Osyris had conquered therefore, according to ancient traditions, not only Thrace and Macedonia, but also the central regions of Europe, as far as the Western Ocean.

He is often called in religious texts: “Lord of the regions of the south and of the north”. He has two residences, one “in the southern country”, the other “in the northern country” (Pierret, Le livre d. morts, p. 444). But under this latter name the Egyptian papyri did not understand the lower Egypt, but the northern parts of the Pelasgian empire (Grebaut, Hymne a Ammon-Ra, p. 7).

The expedition of Osyris in Europe had the character of a formidable invasion of African and Asiatic hordes. With these semi-wild elements Osyris had formed numerous colonies in the countries which he had conquered, true permanent garrisons, destined to inspire terror and submission in the conquered peoples. Apollonius Rhodius (IV. v. 272 seqq) writes in this regard that someone (Osyris), departing from Egypt, had wandered across the whole of Europe and Asia, and, basing himself on the strength and number of his soldiers, had colonized a big number of cities, some of which are inhabited even today, while others are not, because a long series of centuries have passed since those times”.

 

In Europe though, the expedition of Osyris was met with a much stronger and resolute resistance, than in the vast provinces of Asia. Here the Arimic tribes from the lower Danube rose against Osyris, whom they did not acknowledge, either as son of Saturn, or as legitimate king over the Pelasgian empire.

“The Egyptians”, writes Diodorus Siculus, “tell that in the time of queen Isis had lived those whom the Greeks call Gigantes, and that they are represented in Egyptian temples as being beaten by Osyris” (I. 26).

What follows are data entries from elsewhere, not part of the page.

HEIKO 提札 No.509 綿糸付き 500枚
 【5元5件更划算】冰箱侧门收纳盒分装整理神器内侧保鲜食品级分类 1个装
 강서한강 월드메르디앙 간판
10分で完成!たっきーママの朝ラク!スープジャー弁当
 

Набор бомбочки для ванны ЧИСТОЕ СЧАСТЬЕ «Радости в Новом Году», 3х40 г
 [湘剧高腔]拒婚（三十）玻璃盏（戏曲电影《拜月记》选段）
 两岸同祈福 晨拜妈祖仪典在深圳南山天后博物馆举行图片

This arrogant triumph of Osyris refers in any case only to the first successes of his expedition in Europe.

The historical traditions of the Germans, extracted from ancient Greek sources, also mention Osyris under the name Oserich (Grimm, Die d. Heldensage, gottingen. 1829, p. 139, 180), about whom they say that he had inherited the rule over the entire north from his father Hertnit (Terra editus?), that he had undertaken an expedition against the country of the Giants (Getae), at the time when those were ruled by Melias (Greek melas, ep. meilas, black), meaning Nehes Set, Negru Set (TN – black Set), the name given to  Set by the Egyptians.

We find finally a historical note with Tacitus, saying that a part of the German tribes of the Svevs sacrificed to the Isis divinity. The origin of this Egyptian cult in the German countries is reduced without doubt to the times of Osyris (Germ. c. 9).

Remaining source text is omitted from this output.